**Material supplied:**
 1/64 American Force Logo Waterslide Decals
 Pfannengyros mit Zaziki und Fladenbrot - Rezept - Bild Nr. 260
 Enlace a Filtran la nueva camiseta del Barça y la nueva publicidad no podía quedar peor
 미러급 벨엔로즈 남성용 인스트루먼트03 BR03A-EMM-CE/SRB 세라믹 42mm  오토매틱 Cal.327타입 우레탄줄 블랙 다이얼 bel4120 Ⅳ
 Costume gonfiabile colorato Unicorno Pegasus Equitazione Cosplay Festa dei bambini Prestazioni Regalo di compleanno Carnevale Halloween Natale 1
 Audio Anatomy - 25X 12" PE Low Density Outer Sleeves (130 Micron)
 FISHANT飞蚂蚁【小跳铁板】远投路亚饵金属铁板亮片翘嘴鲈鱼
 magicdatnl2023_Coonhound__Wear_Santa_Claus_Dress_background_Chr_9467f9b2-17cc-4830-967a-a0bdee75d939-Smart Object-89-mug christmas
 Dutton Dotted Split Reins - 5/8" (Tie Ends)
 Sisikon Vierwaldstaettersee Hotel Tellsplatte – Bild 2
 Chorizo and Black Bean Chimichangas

==

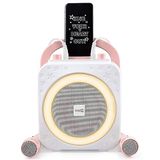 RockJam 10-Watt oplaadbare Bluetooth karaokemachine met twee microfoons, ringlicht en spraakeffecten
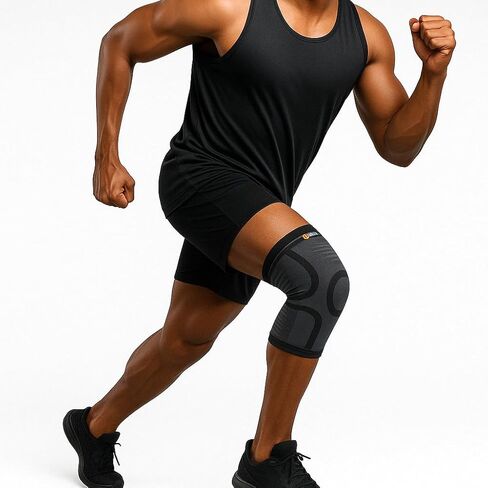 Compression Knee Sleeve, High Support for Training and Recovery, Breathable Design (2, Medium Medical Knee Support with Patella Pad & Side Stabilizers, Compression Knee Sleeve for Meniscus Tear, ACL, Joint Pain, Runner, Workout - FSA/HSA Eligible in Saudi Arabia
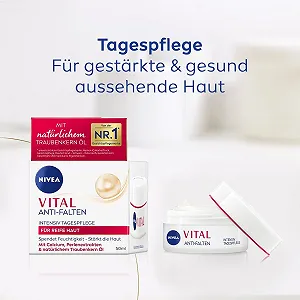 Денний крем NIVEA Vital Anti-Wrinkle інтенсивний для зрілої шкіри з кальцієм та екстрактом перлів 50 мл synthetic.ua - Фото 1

* * *

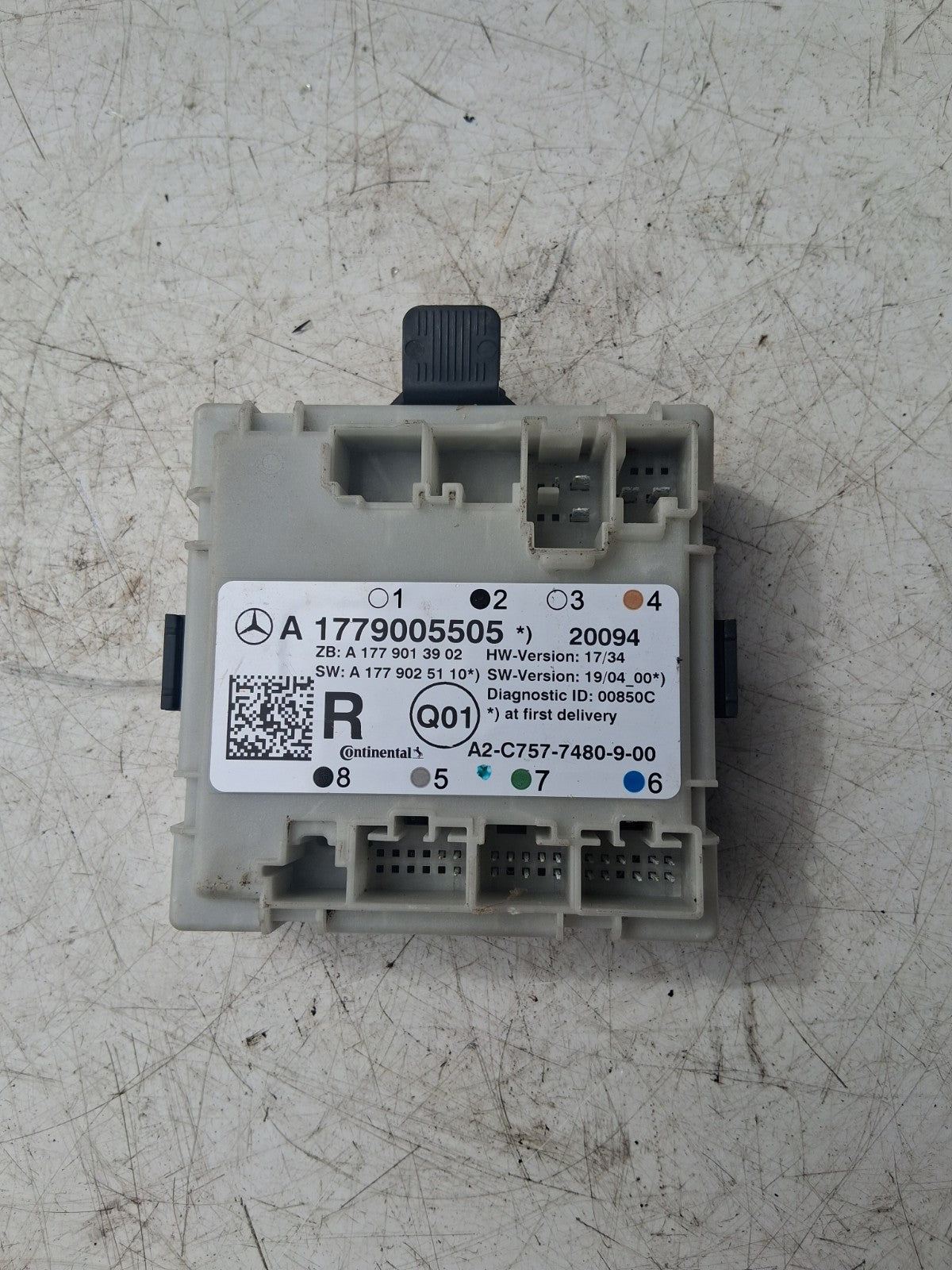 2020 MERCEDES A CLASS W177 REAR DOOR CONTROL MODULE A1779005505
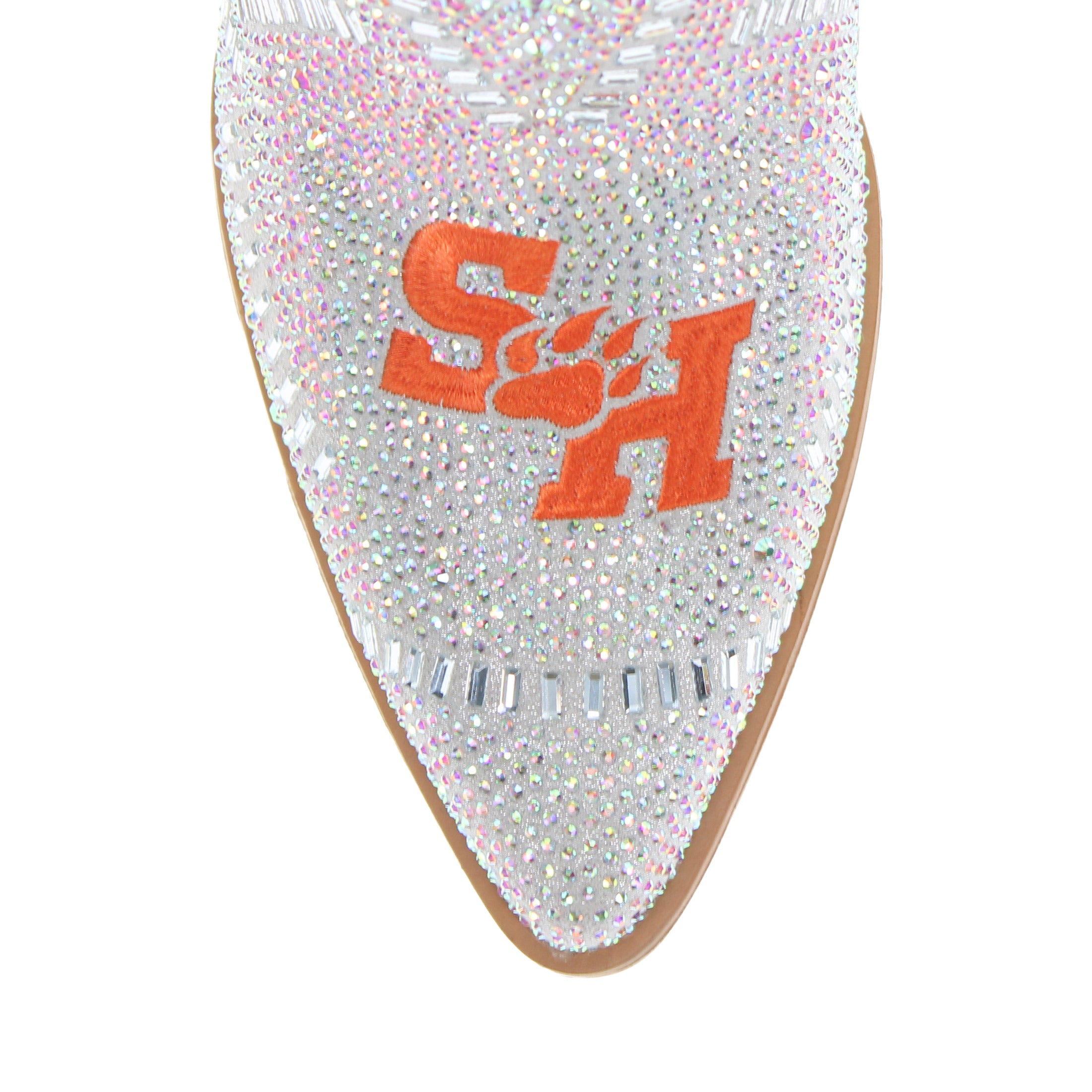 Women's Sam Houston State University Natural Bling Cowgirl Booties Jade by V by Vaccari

**Required work:**
What do the lines above say from the one containing "1/64 American Force Logo Waterslide Decals" down to the one containing "Chorizo and Black Bean Chimichangas"? Return them exactly, both end lines included, and only them.

**Answer section:**
 1/64 American Force Logo Waterslide Decals
 Pfannengyros mit Zaziki und Fladenbrot - Rezept - Bild Nr. 260
 Enlace a Filtran la nueva camiseta del Barça y la nueva publicidad no podía quedar peor
 미러급 벨엔로즈 남성용 인스트루먼트03 BR03A-EMM-CE/SRB 세라믹 42mm  오토매틱 Cal.327타입 우레탄줄 블랙 다이얼 bel4120 Ⅳ
 Costume gonfiabile colorato Unicorno Pegasus Equitazione Cosplay Festa dei bambini Prestazioni Regalo di compleanno Carnevale Halloween Natale 1
 Audio Anatomy - 25X 12" PE Low Density Outer Sleeves (130 Micron)
 FISHANT飞蚂蚁【小跳铁板】远投路亚饵金属铁板亮片翘嘴鲈鱼
 magicdatnl2023_Coonhound__Wear_Santa_Claus_Dress_background_Chr_9467f9b2-17cc-4830-967a-a0bdee75d939-Smart Object-89-mug christmas
 Dutton Dotted Split Reins - 5/8" (Tie Ends)
 Sisikon Vierwaldstaettersee Hotel Tellsplatte – Bild 2
 Chorizo and Black Bean Chimichangas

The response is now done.